Image-text web data:
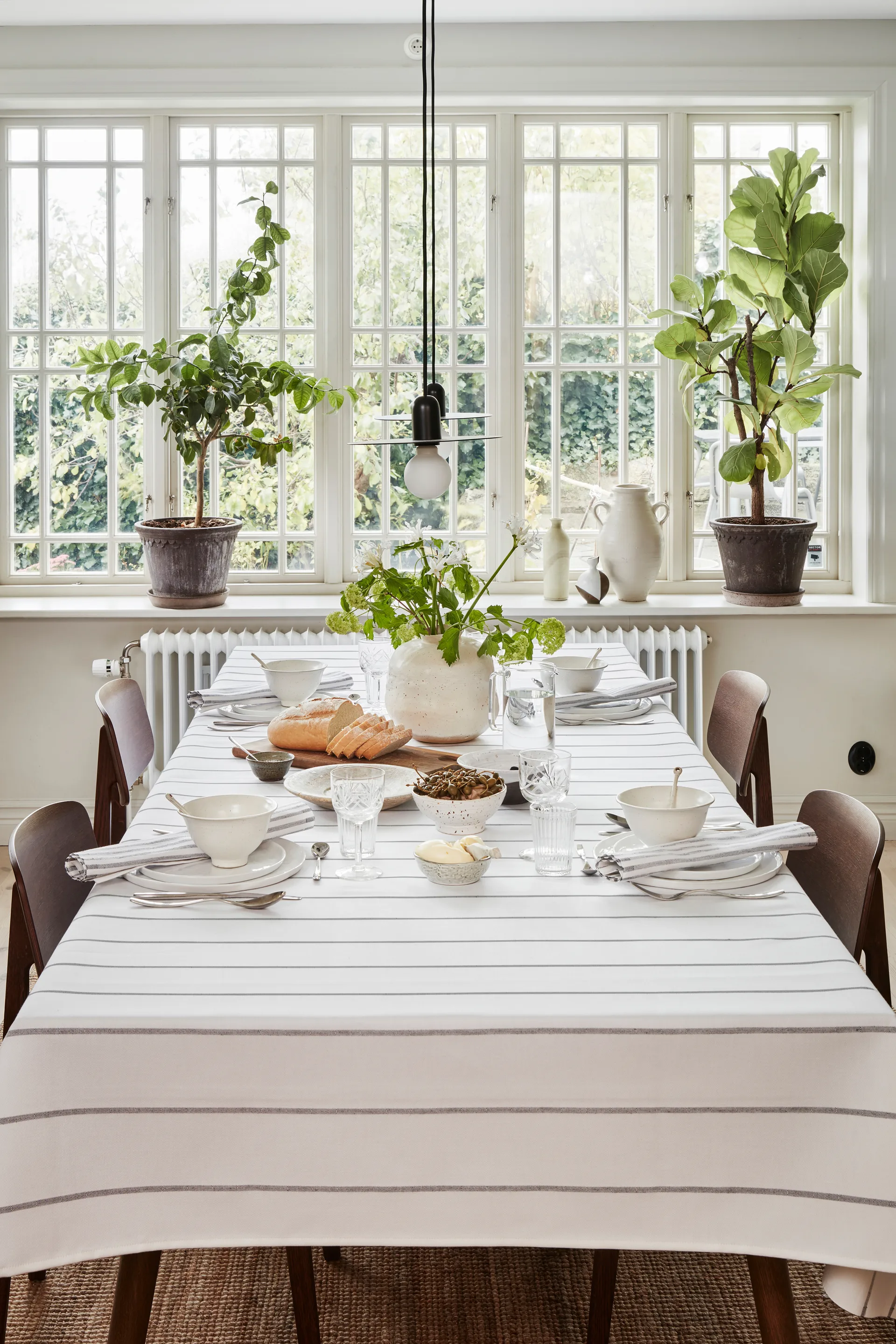 Toalha de mesa cinza Tvärs, 150x210 cm Ekelund Linneväveri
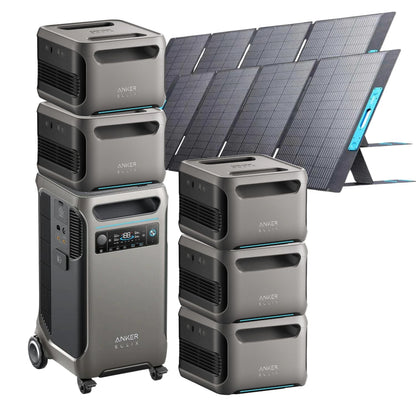Anker SOLIX F3800 with 5 Expansion Battery and 2 400W Solar Panels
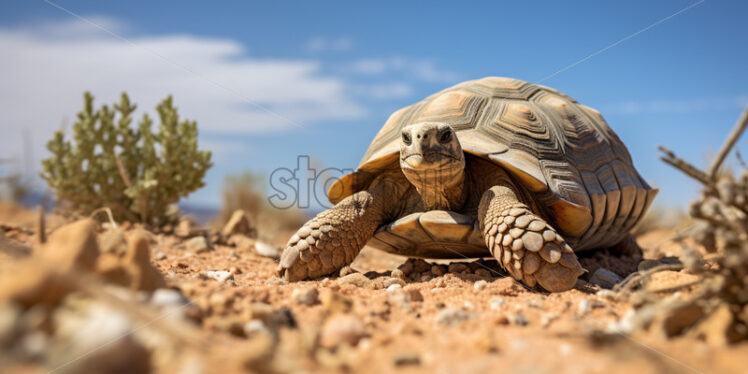 A desert tortoise cautiously emerging from its burrow in the arid landscape - Starpik Stock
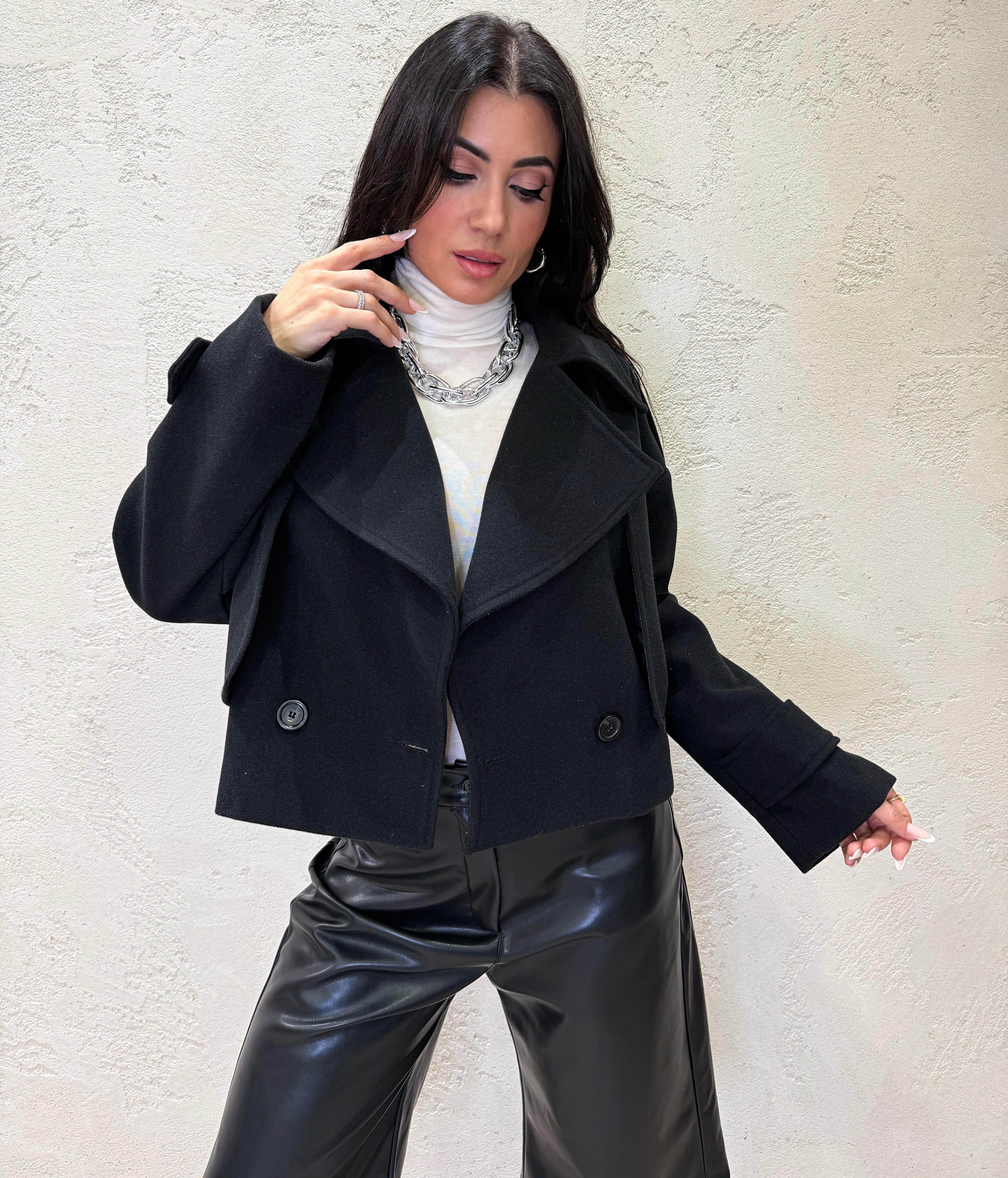 cappotto corto misto lana con chiusura doppio petto CP60SH NERO TENSIONE IN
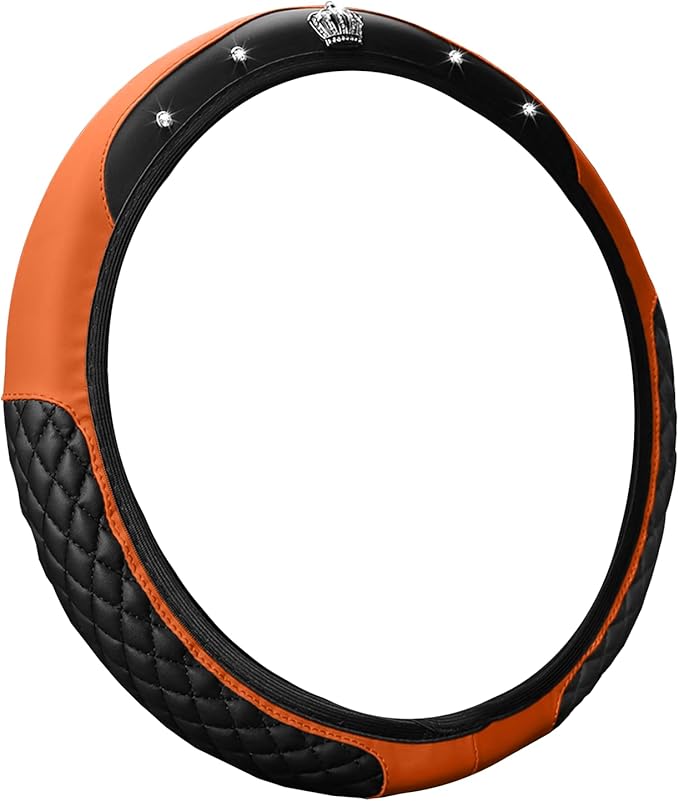 Bling Car Steering Wheel Cover, Diamond Leather Crystal Rhinestones Vehicles Steering Wheel Protector, Sparkling Anti-Slip Automotive Interior Decoration Accessories, Universal Fit (Orange)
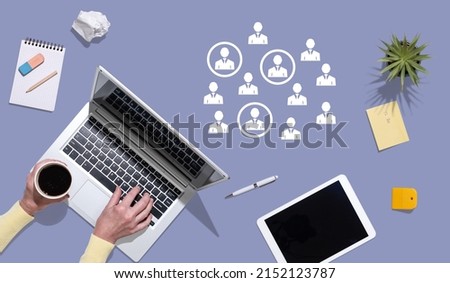Top view of hands using laptop with symbol of prospects concept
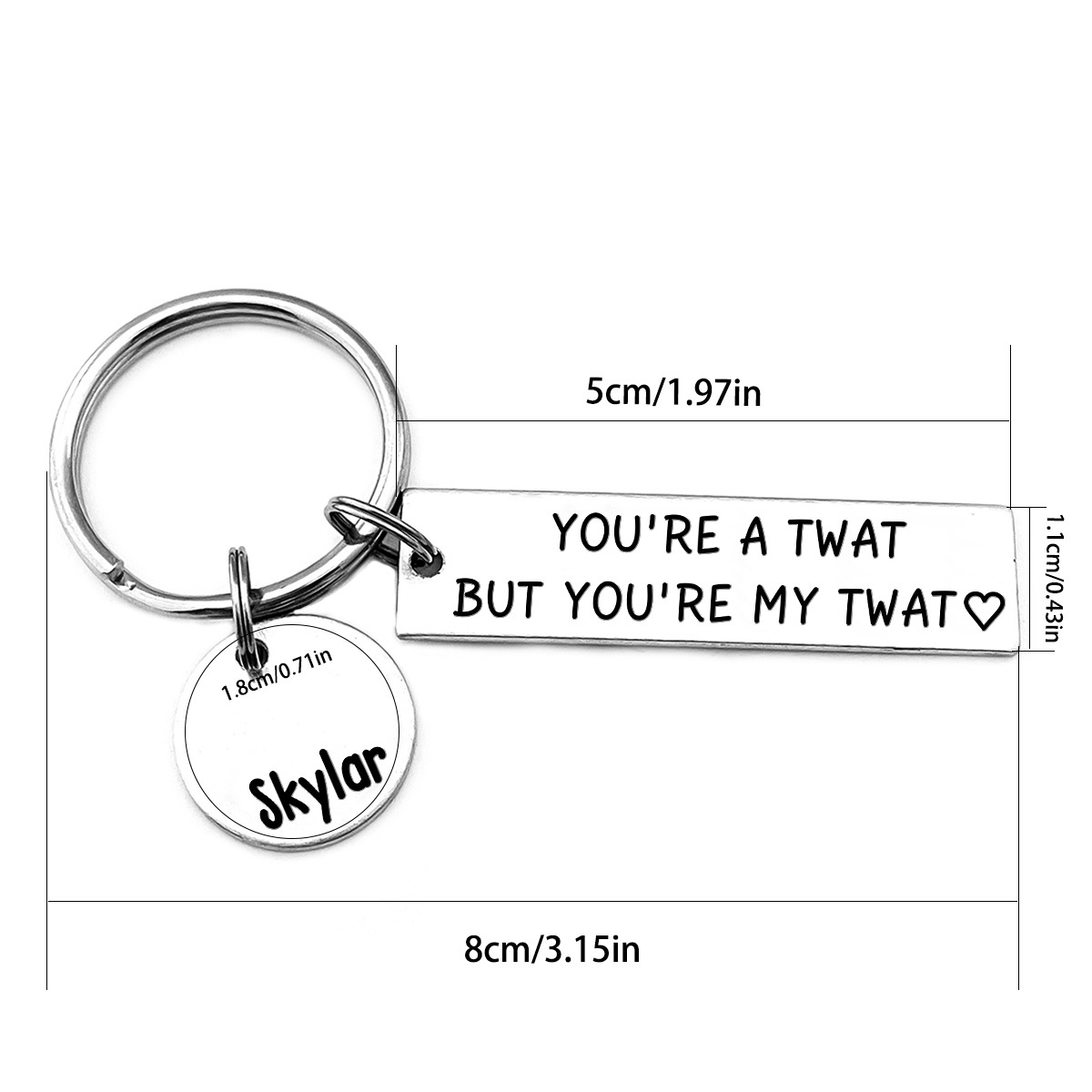 Personalised Name Keychain Custom Funny Keychain Stainless Steel Gift for Couples-Jessemade AU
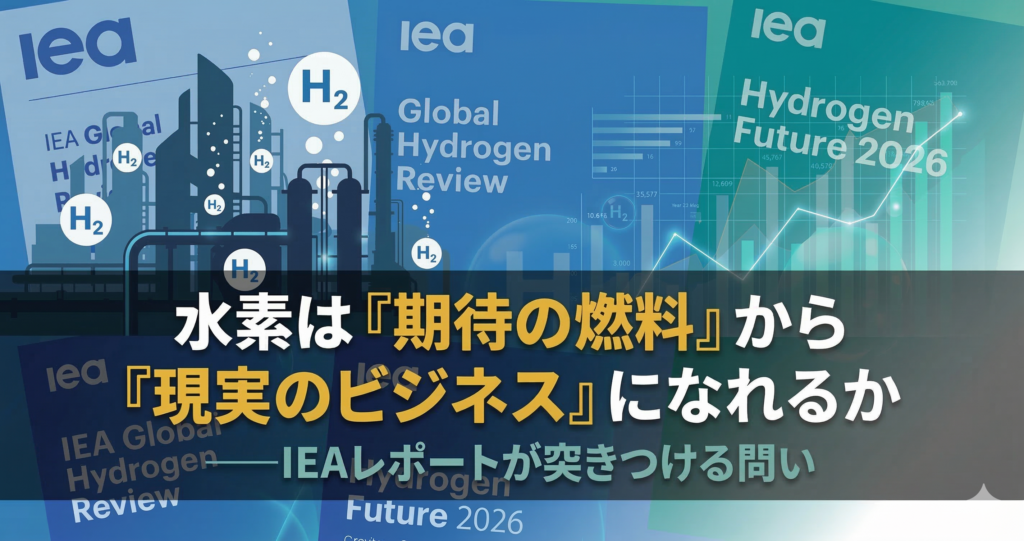 水素プラントやパイプラインのシルエットとデータグラフが重なる背景に「水素は『期待の燃料』から『現実のビジネス』になれるか——IEAレポートが突きつける問い」のタイトル文字を配置したアイキャッチ画像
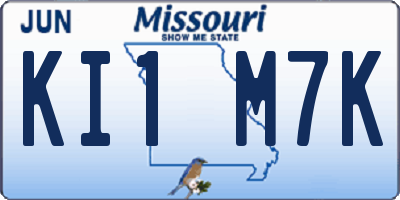 MO license plate KI1M7K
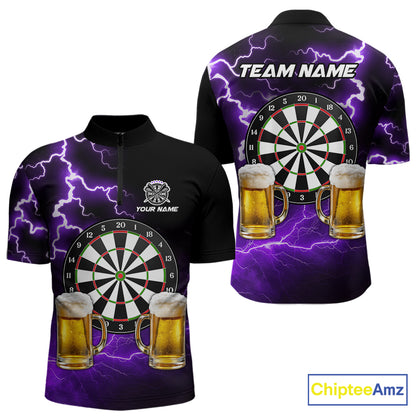 Purple Funny Beer Darts Shirt For Men Custom Lightning Darts Jersey Team Polo & 1/4 Zip TDM5859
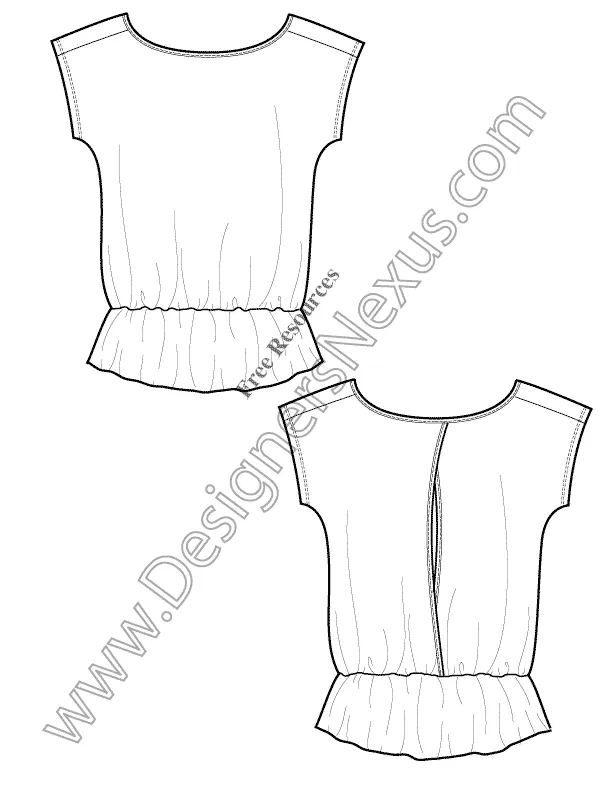 008 Fashion Flat Sketch of a women's, short kimono sleeves, peplum knit top with back slit.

YOUR ASSIGNMENT:
Each entry needs to be retyped exactly; the pictures stay out.

WRITTEN SOLUTION:
 Toalha de mesa cinza Tvärs, 150x210 cm Ekelund Linneväveri
Anker SOLIX F3800 with 5 Expansion Battery and 2 400W Solar Panels
 A desert tortoise cautiously emerging from its burrow in the arid landscape - Starpik Stock
 cappotto corto misto lana con chiusura doppio petto CP60SH NERO TENSIONE IN
 Bling Car Steering Wheel Cover, Diamond Leather Crystal Rhinestones Vehicles Steering Wheel Protector, Sparkling Anti-Slip Automotive Interior Decoration Accessories, Universal Fit (Orange)
Top view of hands using laptop with symbol of prospects concept
 Personalised Name Keychain Custom Funny Keychain Stainless Steel Gift for Couples-Jessemade AU
 水素プラントやパイプラインのシルエットとデータグラフが重なる背景に「水素は『期待の燃料』から『現実のビジネス』になれるか——IEAレポートが突きつける問い」のタイトル文字を配置したアイキャッチ画像
 MO license plate KI1M7K
 Purple Funny Beer Darts Shirt For Men Custom Lightning Darts Jersey Team Polo & 1/4 Zip TDM5859
 008 Fashion Flat Sketch of a women's, short kimono sleeves, peplum knit top with back slit.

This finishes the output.